The Problem Nobody Talks About

Every maker who has built a WiFi-connected sensor project has lived the same nightmare. You spend an afternoon wiring up a beautiful sensor array, and then three days fighting with HTML, JSON parsers, WiFi reconnection logic, and Home Assistant's MQTT discovery format. By the time it works, you've forgotten why you started.

The dirty secret of hobbyist IoT is that the hardware is the easy part. The networking layer is where projects go to die.

A Different Model

The PicoW IoT Framework flips that equation. It treats the Raspberry Pi Pico W like a tiny two-department company. One department — Core 0 — handles every networking concern that ever killed a project: WiFi connection, the web server, the REST API, mDNS advertisement, and Home Assistant discovery. That department runs forever and you never touch it. The other department — Core 1 — is yours. It runs a cooperative task scheduler and knows nothing about networking. It just reads hardware and writes numbers to a shared registry.

That registry is the insight. When your wind speed callback calls registry.set("wind_speed", mph), four things happen simultaneously without you writing a single additional line of code. The value appears on the auto-generated web dashboard. It's available via the REST API. It gets broadcast to Home Assistant via MQTT. And it's ready for any other task on Core 1 to read and use in its own logic. One write, four consumers.

What This Post Covers

This post walks through adding three physically distinct sensor types to a running weather station — a PIO-based pulse counter for an anemometer, a second PIO pulse counter with accumulation for a rain gauge tipping bucket, and an ADC resistor ladder for wind direction. Each follows the same four steps: add the library, define pins and globals, initialize hardware in app_setup(), write a self-rescheduling callback and register it. After those four steps the scheduler owns the timing forever, and everything the sensor produces is automatically published everywhere.

The deeper point is what this model enables going forward. An adaptive polling rate — slowing a temperature sensor to once per minute when readings are stable, speeding it back up when they're changing — is just an if statement inside the callback. The framework doesn't need to change. A sensor that detects rainfall and automatically increases its own polling rate is the same pattern. The intelligence lives in the task, and the task owns itself.

This is what a proper IoT OS for hobbyists looks like. Not a cloud service.
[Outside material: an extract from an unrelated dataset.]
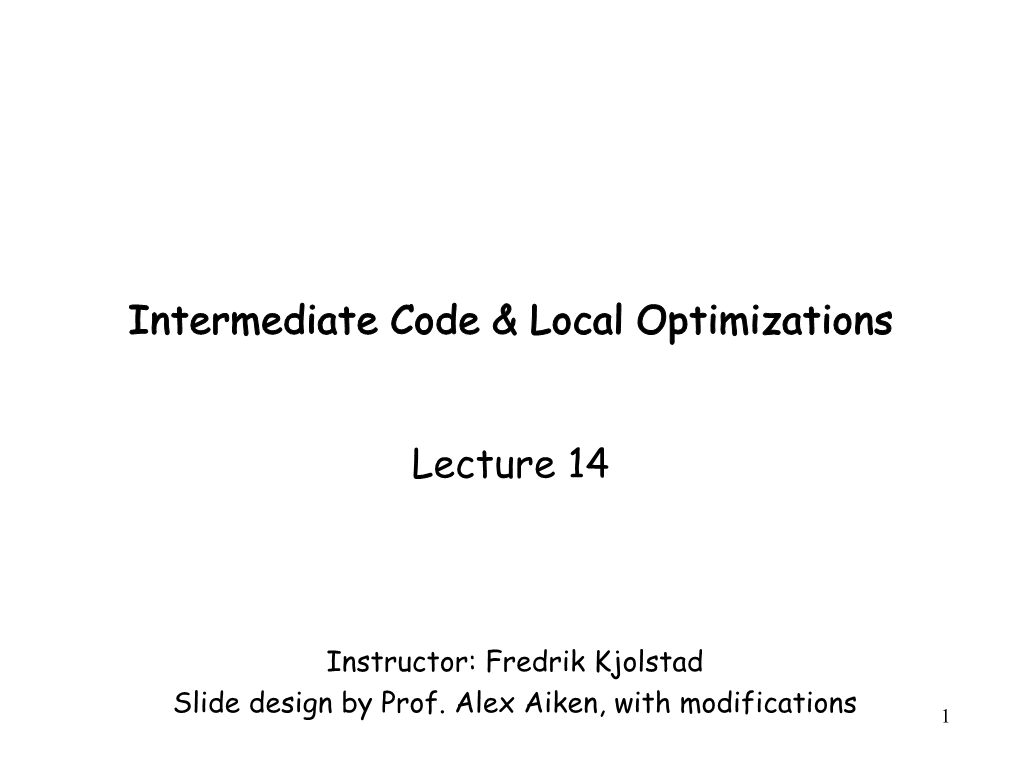Intermediate Code & Local Optimization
Not a proprietary hub. A $12 board, open source code, and a model simple enough that adding a new sensor takes twenty minutes instead of a week.

---

STEP 1 — Libraries

No external libraries needed. PIO is part of the RP2040 SDK which the Earle Philhower core already includes.

// At the top of WeatherStation.ino, with your other includes
#include "hardware/pio.h"
#include "hardware/clocks.h"
#include "pulse_counter.pio.h"   // we'll define this below

STEP 2 — Pin Definitions and Globals

// ============================================================================
// 4. PROJECT-SPECIFIC HARDWARE DEFINITIONS AND STATE VARIABLES
// ============================================================================

// --- Wind / Rain Pins ---
#define PIN_WIND_SPEED   10   // reed switch, one pulse per rotation
#define PIN_RAIN_GAUGE   11   // tipping bucket, one pulse per 0.011 inches
#define PIN_WIND_DIR     26   // analog ADC, resistor ladder

// --- PIO state machine handles ---
PIO  pio_wind = pio0;
uint sm_wind  = 0;

PIO  pio_rain = pio0;
uint sm_rain  = 1;

// --- Rain accumulator (total since last reset) ---
volatile float rain_total_inches = 0.0f;
#define RAIN_INCHES_PER_TIP  0.011f

// --- Wind speed calibration ---
// Typical anemometer: 1 rotation/sec = 1.492 mph  (Davis spec — adjust for your hardware)
#define WIND_MPH_PER_RPS     1.492f

The PIO Program

Create pulse_counter.pio as a new file in your sketch folder. One word is pushed to the FIFO per falling edge. Your task drains the FIFO and counts how many words are in it — each word is one pulse. Draining the FIFO is the reset, so read-and-reset is a single operation.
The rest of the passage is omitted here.